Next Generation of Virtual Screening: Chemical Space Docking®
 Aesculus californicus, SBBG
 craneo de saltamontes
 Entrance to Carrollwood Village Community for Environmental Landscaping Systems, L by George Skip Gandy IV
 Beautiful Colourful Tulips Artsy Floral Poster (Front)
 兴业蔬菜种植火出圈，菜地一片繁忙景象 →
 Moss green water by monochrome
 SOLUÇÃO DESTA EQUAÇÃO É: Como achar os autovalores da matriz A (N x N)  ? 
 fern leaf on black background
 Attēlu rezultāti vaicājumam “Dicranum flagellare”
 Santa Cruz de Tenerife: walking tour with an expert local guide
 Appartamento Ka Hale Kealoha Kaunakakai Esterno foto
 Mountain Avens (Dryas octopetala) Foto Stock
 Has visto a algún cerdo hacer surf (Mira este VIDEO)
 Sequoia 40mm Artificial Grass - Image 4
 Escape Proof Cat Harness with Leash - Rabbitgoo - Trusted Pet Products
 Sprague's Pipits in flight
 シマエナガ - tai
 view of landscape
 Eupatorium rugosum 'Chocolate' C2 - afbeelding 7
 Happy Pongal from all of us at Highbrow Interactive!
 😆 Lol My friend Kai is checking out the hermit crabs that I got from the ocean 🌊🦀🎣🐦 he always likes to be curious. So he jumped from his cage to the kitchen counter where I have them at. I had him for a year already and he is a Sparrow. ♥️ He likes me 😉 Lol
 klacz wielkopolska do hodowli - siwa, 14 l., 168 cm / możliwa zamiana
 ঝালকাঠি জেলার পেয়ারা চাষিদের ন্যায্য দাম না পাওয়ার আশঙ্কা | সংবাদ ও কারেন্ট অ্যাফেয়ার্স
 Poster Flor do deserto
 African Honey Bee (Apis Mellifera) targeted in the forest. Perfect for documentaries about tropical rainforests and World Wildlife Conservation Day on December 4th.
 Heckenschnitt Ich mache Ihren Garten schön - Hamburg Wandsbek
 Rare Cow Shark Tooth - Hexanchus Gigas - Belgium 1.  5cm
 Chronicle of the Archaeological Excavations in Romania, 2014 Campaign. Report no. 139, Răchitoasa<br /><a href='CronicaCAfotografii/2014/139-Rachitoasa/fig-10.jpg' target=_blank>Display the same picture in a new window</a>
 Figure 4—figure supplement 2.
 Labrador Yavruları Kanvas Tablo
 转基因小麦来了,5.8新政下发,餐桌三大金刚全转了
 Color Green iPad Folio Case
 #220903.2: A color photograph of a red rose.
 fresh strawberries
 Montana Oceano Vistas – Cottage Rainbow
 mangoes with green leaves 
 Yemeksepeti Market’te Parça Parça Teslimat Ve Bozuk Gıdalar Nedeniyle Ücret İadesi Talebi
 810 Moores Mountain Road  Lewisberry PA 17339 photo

» WHAT THE EXERCISE ASKS: Give back exactly the material above from its opening line to the line bearing "Eupatorium rugosum 'Chocolate'".

» RESULT:
Next Generation of Virtual Screening: Chemical Space Docking®
 Aesculus californicus, SBBG
 craneo de saltamontes
 Entrance to Carrollwood Village Community for Environmental Landscaping Systems, L by George Skip Gandy IV
 Beautiful Colourful Tulips Artsy Floral Poster (Front)
 兴业蔬菜种植火出圈，菜地一片繁忙景象 →
 Moss green water by monochrome
 SOLUÇÃO DESTA EQUAÇÃO É: Como achar os autovalores da matriz A (N x N)  ? 
 fern leaf on black background
 Attēlu rezultāti vaicājumam “Dicranum flagellare”
 Santa Cruz de Tenerife: walking tour with an expert local guide
 Appartamento Ka Hale Kealoha Kaunakakai Esterno foto
 Mountain Avens (Dryas octopetala) Foto Stock
 Has visto a algún cerdo hacer surf (Mira este VIDEO)
 Sequoia 40mm Artificial Grass - Image 4
 Escape Proof Cat Harness with Leash - Rabbitgoo - Trusted Pet Products
 Sprague's Pipits in flight
 シマエナガ - tai
 view of landscape
 Eupatorium rugosum 'Chocolate' C2 - afbeelding 7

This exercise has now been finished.